He added that one day the warden told them to form a circle and they watched as the man who saved Nasser in the 1948 war was brought to the middle and whipped 40 lashes. “They told him this was a gift from President Nasser,” he said.
Sayed Nazily, a member of the group’s Shura Council, said Badran used to call Nasser and brief him in detail how he could forcibly extract confessions. “We sometimes had to confess to false information to save ourselves from torture or at least take a break,” he said.
“The first one to die from torture was Mohamed Awad,” he said. “They pulled out his brain from the skull.”
“We were charged with attempting to overthrow the regime and blow up government institutions,” he added. “None of this happened, and I served ten years until 1975 for no reason.”
Talaat al-Shenawy, who was also imprisoned in 1965, said the prisoners suffered psychological disturbances on top of the physical pain. “Nasser ordered our arrest by phone from Moscow,” he said, “although it was the Brotherhood that secured the entrances and exits of Cairo during his coup.”
“Nasser’s bodyguard, Ismail al-Fayoumy, was from the Brotherhood,” he said. “He would have killed him had we ordered it, but we are peaceful people.”
Shehata Hodhod, an old group member, said he was tortured by Hamza al-Bassiouny, the director of the military prisons. “He used to report the torture to Badran and Nasser,” he said. “Some were hanged for refusing to sing for Nasser, others were thrown dead in the desert and their families were told to go look for their bodies.”

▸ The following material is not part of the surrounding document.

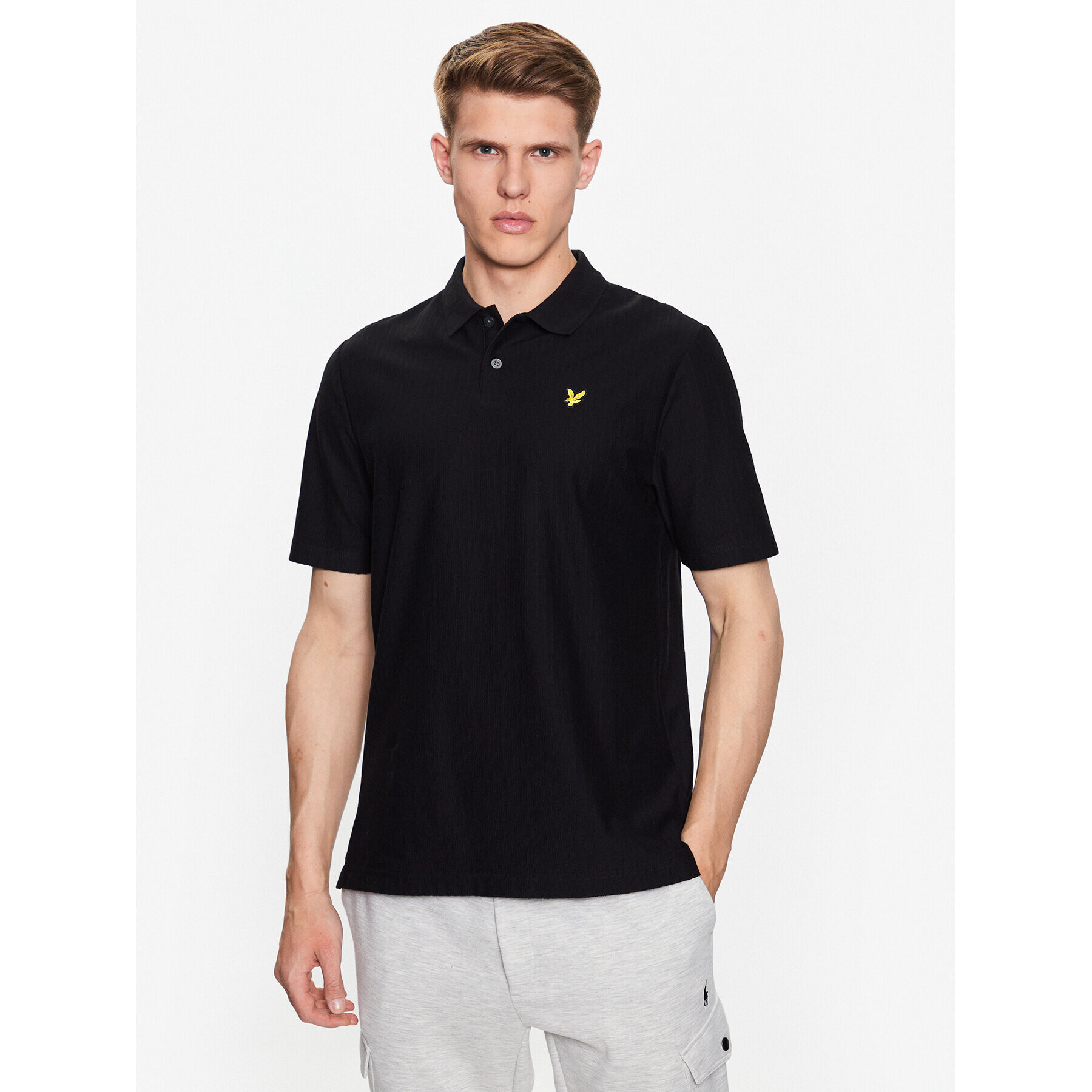 Lyle & Scott Тениска с яка и копчета Grit Polo Shirt SP1805V Черен Regular Fit - Pepit.bg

Brotherhood researcher Abdo Dessouky said the Brotherhood filed lawsuits against Badran and other members of the Nasser regime demanding compensation for the damages is members have suffered. “The court ruled in favor of the group in the seventies,” he said.
Ahmed Seif al-Islam al-Banna, son of Hassan al-Banna, the founder of the Muslim Brotherhood, claimed Badran sent his message at this particular time to incite the people against President Mohamed Morsy. The Brotherhood’s mufti, Abdel Rahman al-Barr, concurred with this theory.